A lot of questions… If you have an answer, please leave a comment.

5 thoughts on “Femto Technical Questions”

  1. another option would be: Femto-over-VPN-over-commodity broadband

    i feel this would be nice for providers that have both CMTS and broadband infrastructure. therefore, they can take their little bit of CMTS network to any place with a broadband connection.

  2. Hello hip2b2,

    thanks for your comment, you are right! I implicitly assumed that femtos, no matter which approach is used, are connected to the network via DSL or cable. I’ve updated the text above a bit to make this explicit.

    Thanks again!

  3. Using a different MCC and MNC does not seem to be a very clean solution. I am sure the standards folks would like to shy away from that.

    As for the first option, it does seem to be a problem I have never given thought of before. Why wouldn’t I want to share my femto?
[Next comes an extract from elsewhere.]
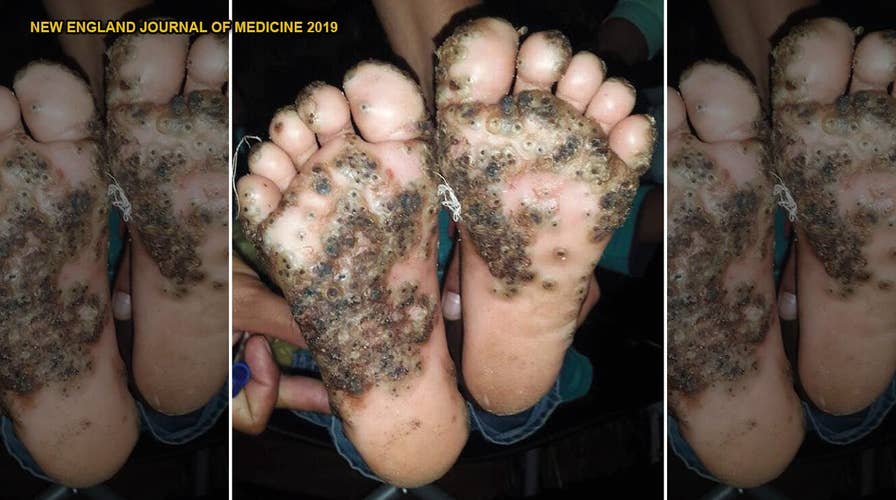 Girl's feet infested with parasitic sand fleas after running through pigsty  barefoot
Maybe, a carrier can give incentives to Femto-owners to encourage Femto sharing?

    If we really did want to restrict access … maybe a femto has a white list of allowable IMSI/IMEI pairs?
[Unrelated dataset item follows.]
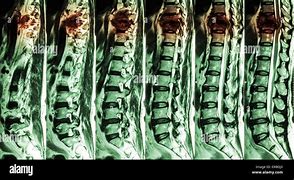 Image result for Axial T2 MRI Lumbar Spine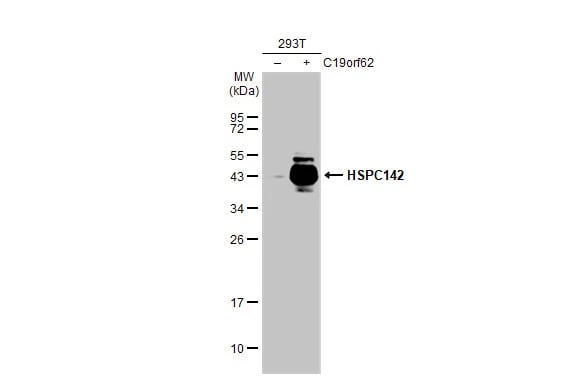 MERIT40/HSPC142 Antibody (1251)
  4. There must surely be an incentive such as the one you have mentioned, otherwise people will wonder why they should share.

    White list in the Femto won’t work because how can you make mobiles stay away from the cell? Not so easy – But sharing is better anyway – if the incentive for it for the end user is right.


  5. Different femtocell vendors have come up with different technical solutions for these issues.

    At ip.access, we’ve solved Access Control by storing an allowed IMSI list locally at the femtocell, so that unauthorised mobiles will be rejected without sending signalling traffic to the core network. These unauthorised mobiles will remain on the macro network. End users simply add allowed phone numbers (MSISDN, not IMSI) on a secure web page.

    Most operators want Access Control implemented. This puts the control in the hands of the consumer. The feeling is that consumers will want to avoid the risk of neighbours hogging their internet bandwidth (e.g. by watching YouTube on their phones all day).

    Handover is another tricky issue for which we’ve had to develop novel technology. Hand-in from the macro network to a femtocell is particularly difficult, because the macro cell can have potentially hundreds of femtocell neighbours sitting inside it and it can’t handle such a big neighbour list. We’ve patented a solution for this.